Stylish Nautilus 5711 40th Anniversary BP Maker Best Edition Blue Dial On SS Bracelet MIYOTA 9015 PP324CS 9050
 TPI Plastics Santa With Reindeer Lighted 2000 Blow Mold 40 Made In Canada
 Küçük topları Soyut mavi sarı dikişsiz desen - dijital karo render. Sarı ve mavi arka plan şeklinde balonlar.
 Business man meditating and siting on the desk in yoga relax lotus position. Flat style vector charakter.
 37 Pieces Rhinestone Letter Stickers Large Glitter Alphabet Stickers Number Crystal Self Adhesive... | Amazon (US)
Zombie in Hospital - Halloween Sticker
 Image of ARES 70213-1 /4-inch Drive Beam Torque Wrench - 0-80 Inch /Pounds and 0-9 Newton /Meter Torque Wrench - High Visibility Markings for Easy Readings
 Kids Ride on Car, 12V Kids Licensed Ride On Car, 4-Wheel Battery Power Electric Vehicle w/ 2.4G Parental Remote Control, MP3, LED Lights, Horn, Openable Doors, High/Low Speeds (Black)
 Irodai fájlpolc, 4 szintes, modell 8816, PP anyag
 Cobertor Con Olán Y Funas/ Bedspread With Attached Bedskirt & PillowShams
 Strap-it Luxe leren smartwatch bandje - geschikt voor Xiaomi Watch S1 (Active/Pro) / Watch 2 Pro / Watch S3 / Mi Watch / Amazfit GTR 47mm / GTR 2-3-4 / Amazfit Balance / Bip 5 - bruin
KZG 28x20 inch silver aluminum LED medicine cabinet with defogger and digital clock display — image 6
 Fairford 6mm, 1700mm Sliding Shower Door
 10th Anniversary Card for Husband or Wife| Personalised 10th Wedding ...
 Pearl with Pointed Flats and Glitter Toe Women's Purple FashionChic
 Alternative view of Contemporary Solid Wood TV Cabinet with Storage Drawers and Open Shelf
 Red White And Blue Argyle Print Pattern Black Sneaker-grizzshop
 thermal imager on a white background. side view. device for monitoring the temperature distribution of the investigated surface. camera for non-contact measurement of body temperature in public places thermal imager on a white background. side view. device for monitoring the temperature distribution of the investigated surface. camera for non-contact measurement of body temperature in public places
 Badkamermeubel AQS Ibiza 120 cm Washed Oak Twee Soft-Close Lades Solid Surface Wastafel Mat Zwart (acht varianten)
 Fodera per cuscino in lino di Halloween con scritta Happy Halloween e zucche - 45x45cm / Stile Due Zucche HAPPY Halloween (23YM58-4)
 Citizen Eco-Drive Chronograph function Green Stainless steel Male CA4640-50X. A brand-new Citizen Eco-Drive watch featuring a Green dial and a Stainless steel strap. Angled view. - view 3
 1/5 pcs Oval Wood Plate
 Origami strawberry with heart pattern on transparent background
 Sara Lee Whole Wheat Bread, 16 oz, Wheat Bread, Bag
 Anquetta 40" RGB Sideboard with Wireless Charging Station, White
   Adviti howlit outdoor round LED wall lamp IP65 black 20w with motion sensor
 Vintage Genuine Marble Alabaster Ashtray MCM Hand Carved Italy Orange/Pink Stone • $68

## Problem details
Please give back, exactly as it stands above, the stretch from the line with "Fairford 6mm, 1700mm Sliding Shower Door" through the line with "Red White And", and no line outside it.

## Solution
 Fairford 6mm, 1700mm Sliding Shower Door
 10th Anniversary Card for Husband or Wife| Personalised 10th Wedding ...
 Pearl with Pointed Flats and Glitter Toe Women's Purple FashionChic
 Alternative view of Contemporary Solid Wood TV Cabinet with Storage Drawers and Open Shelf
 Red White And Blue Argyle Print Pattern Black Sneaker-grizzshop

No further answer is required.